Constructions of Binary Cross Z-Complementary Pairs With Large CZC Ratio

Cross Z-complementary pairs (CZCPs) are a special kind of Z-complementary pairs (ZCPs) having zero autocorrelation sums around the in-phase position and end-shift position, also having zero cross-correlation sums around the end-shift position. It can be utilized as a key component in designing optimal training sequences for broadband spatial modulation (SM) systems over frequency selective channels. In this paper, we focus on designing new CZCPs with large cross Z-complementary ratio $(\mathrm{CZC}_{\mathrm{ratio}})$ by exploring two promising approaches. The first one of CZCPs via properly cascading sequences from a Golay complementary pair (GCP).
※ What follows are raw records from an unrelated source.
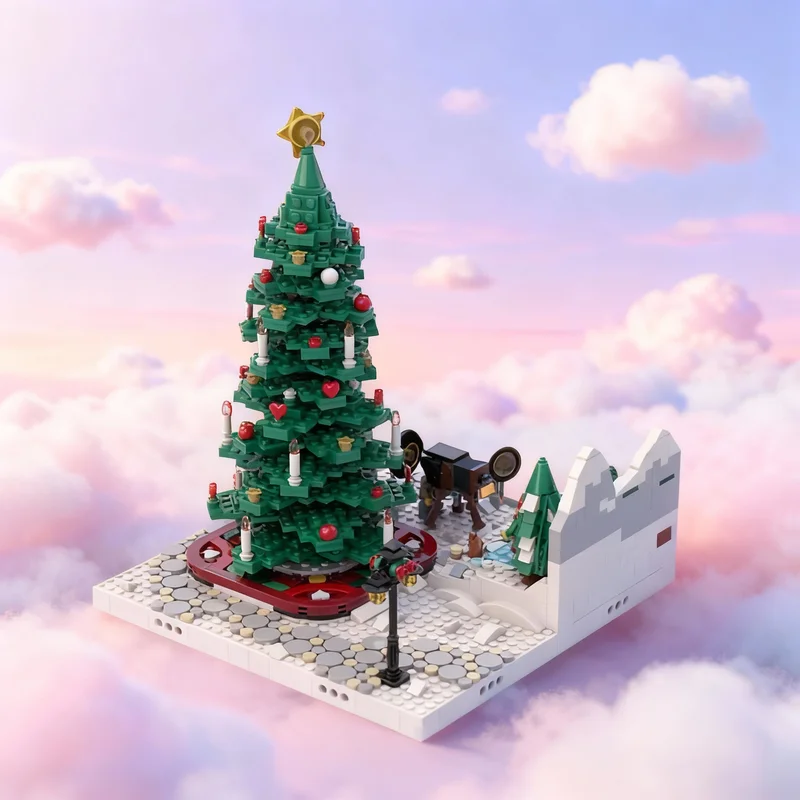 358pcs MOC Winter Village Display Seasonal Model Building Blocks Construction Kit Assembly Collector Creative Expert Toy Gift
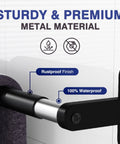 Matte Black 24 Inch Wall Mounted Towel Rack With Rustproof Aluminum Construction showcasing rustproof and waterproof features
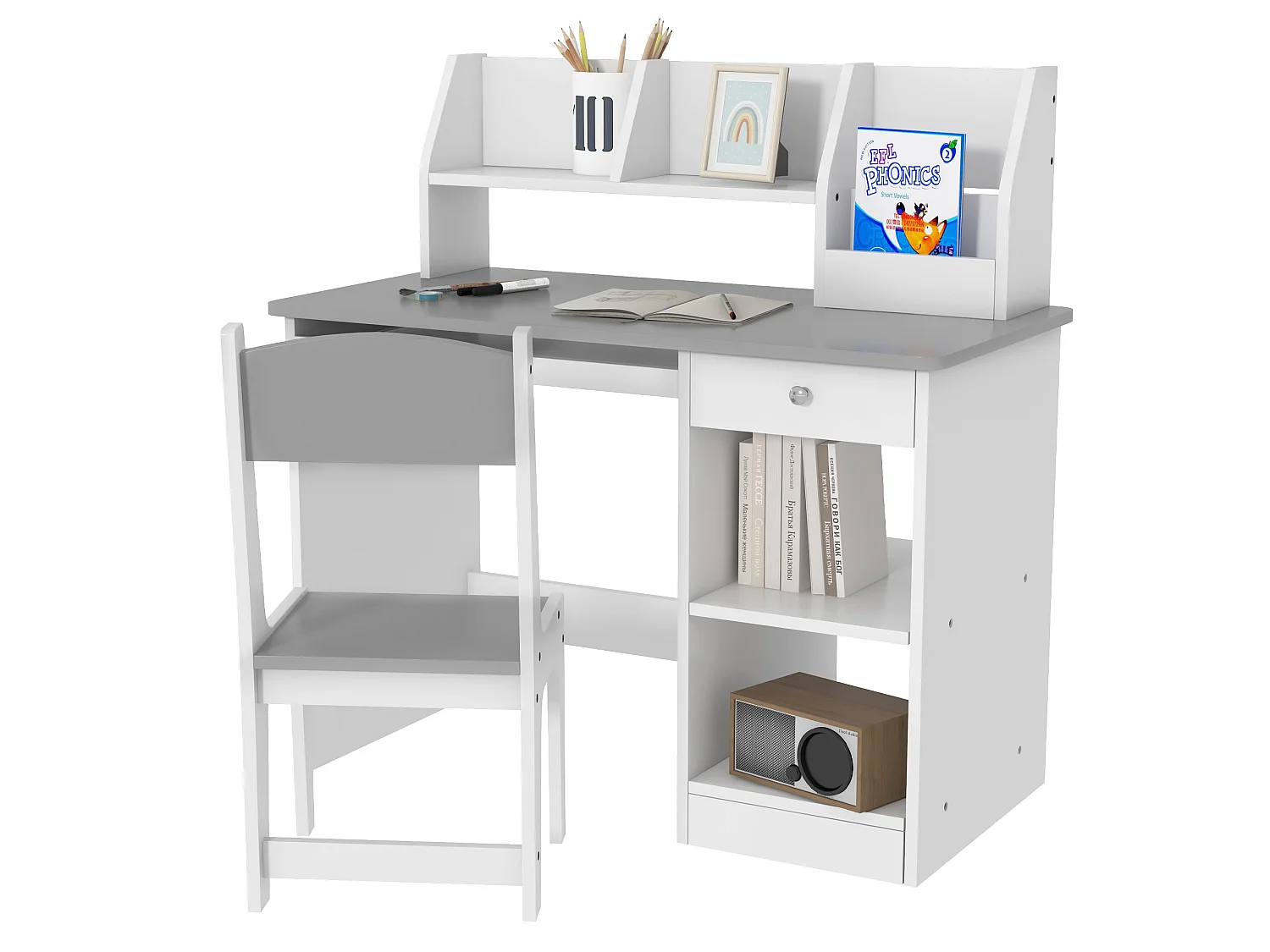 Bureau enfant multi-rangement - ensemble bureau, chaise, étagère - tiroir, plateau coulissant, 2 niches, 2 étagères, 2 présentoirs livres - gris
The proposed construction leads to $(28L,13L)-\mathrm{CZCPs}$, $(28L,13L+\frac{L}{2})-\mathrm{CZCPs}$ and $(30L,13L-1)-\mathrm{CZCPs}$, where $L$ is the length of a binary GCP. Besides, we emphasize that, our proposed CZCPs have the largest $\mathrm{CZC}_{\mathrm{ratio}}=\frac{27}{28}$, compared with known CZCPs but no-perfect CZCPs in the literature. Specially, we proposed optimal binary CZCPs with $(28,13)-\mathrm{CZCP}$ and $(56,27)-\mathrm{CZCP}$. The second one of CZCPs based on Boolean functions (BFs), and the construction of CZCPs have the largest $\mathrm{CZC}_{\mathrm{ratio}}=\frac{13}{14}$, compared with known CZCPs but no-perfect CZCPs in the literature.